* Work instructions: Please transcribe the entries that follow exactly as they stand, skipping each picture.

* Dataset excerpts:

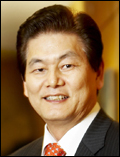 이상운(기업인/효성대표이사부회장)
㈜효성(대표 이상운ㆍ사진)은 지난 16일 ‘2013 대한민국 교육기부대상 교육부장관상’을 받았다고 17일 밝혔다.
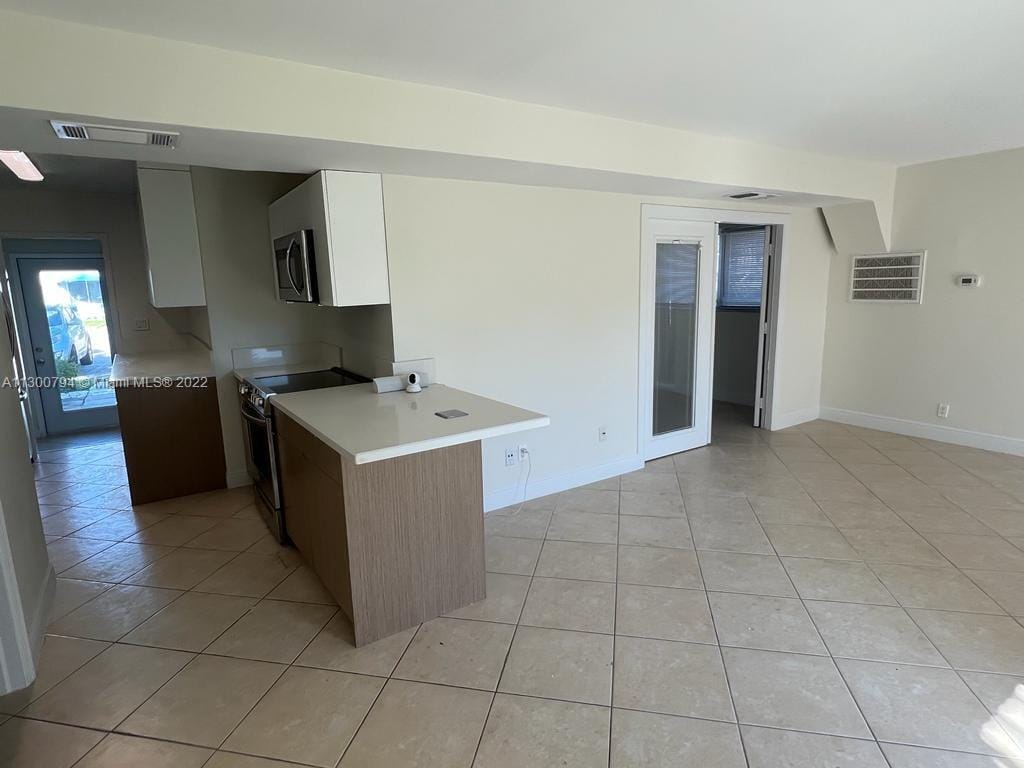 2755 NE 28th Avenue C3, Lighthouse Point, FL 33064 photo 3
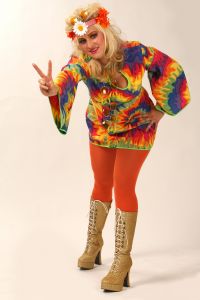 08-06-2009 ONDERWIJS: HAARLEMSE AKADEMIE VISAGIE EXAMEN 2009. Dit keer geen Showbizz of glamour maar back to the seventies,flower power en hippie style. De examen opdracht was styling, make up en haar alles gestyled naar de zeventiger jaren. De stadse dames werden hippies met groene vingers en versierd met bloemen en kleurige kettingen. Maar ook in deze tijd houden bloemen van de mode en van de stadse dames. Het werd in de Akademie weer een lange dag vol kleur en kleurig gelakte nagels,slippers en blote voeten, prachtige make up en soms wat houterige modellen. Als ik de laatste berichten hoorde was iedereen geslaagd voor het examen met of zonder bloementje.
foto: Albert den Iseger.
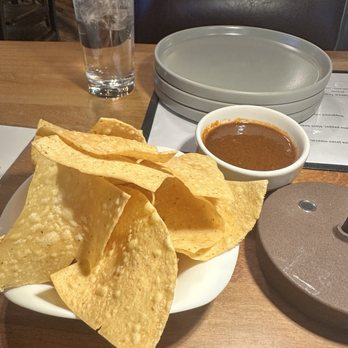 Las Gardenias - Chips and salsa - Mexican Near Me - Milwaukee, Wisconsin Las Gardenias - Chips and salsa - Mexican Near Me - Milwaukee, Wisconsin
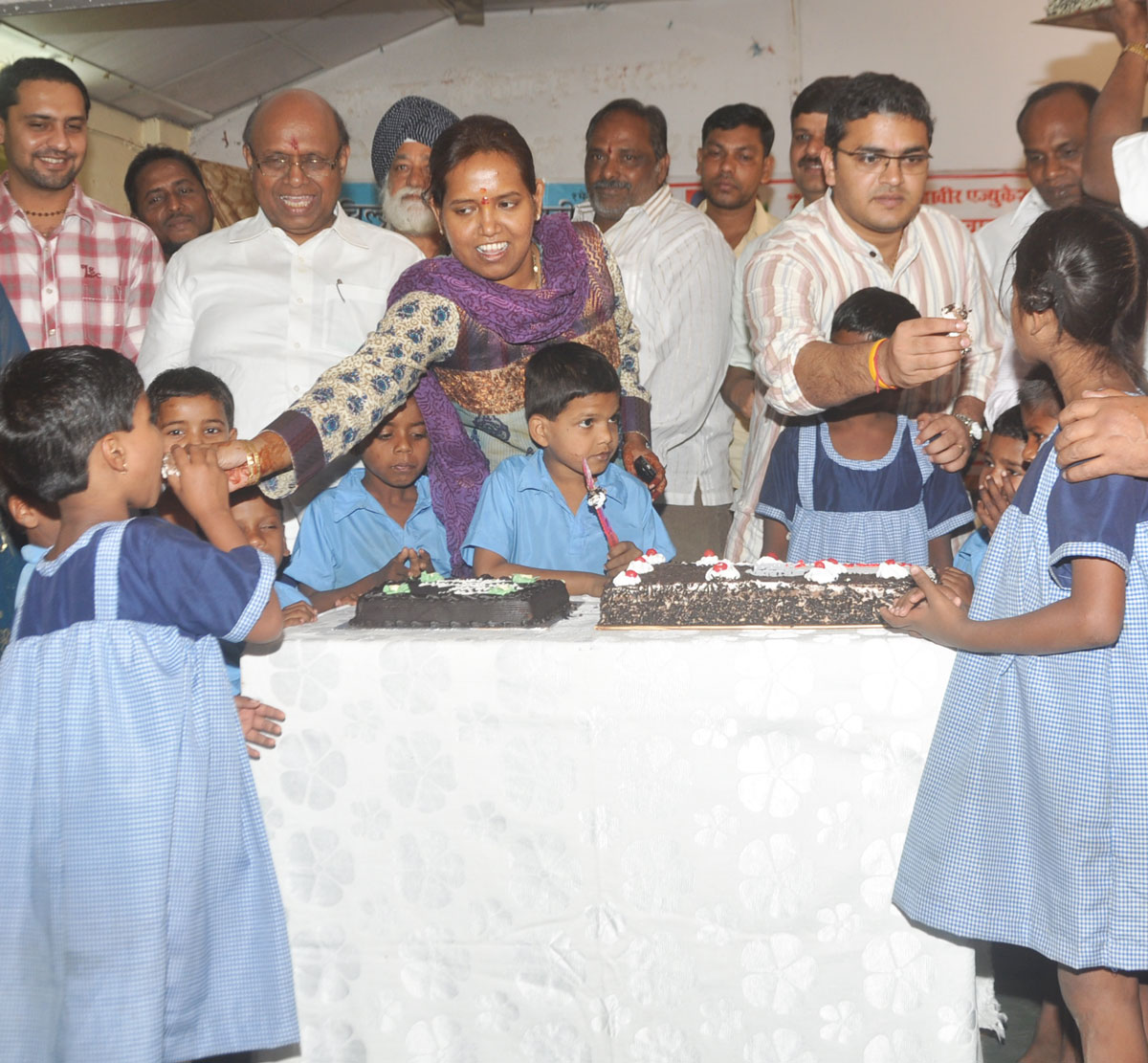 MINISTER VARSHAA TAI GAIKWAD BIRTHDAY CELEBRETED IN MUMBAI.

* Exercise answer:
 이상운(기업인/효성대표이사부회장)
㈜효성(대표 이상운ㆍ사진)은 지난 16일 ‘2013 대한민국 교육기부대상 교육부장관상’을 받았다고 17일 밝혔다.
 2755 NE 28th Avenue C3, Lighthouse Point, FL 33064 photo 3
 08-06-2009 ONDERWIJS: HAARLEMSE AKADEMIE VISAGIE EXAMEN 2009. Dit keer geen Showbizz of glamour maar back to the seventies,flower power en hippie style. De examen opdracht was styling, make up en haar alles gestyled naar de zeventiger jaren. De stadse dames werden hippies met groene vingers en versierd met bloemen en kleurige kettingen. Maar ook in deze tijd houden bloemen van de mode en van de stadse dames. Het werd in de Akademie weer een lange dag vol kleur en kleurig gelakte nagels,slippers en blote voeten, prachtige make up en soms wat houterige modellen. Als ik de laatste berichten hoorde was iedereen geslaagd voor het examen met of zonder bloementje.
foto: Albert den Iseger.
 Las Gardenias - Chips and salsa - Mexican Near Me - Milwaukee, Wisconsin Las Gardenias - Chips and salsa - Mexican Near Me - Milwaukee, Wisconsin
 MINISTER VARSHAA TAI GAIKWAD BIRTHDAY CELEBRETED IN MUMBAI.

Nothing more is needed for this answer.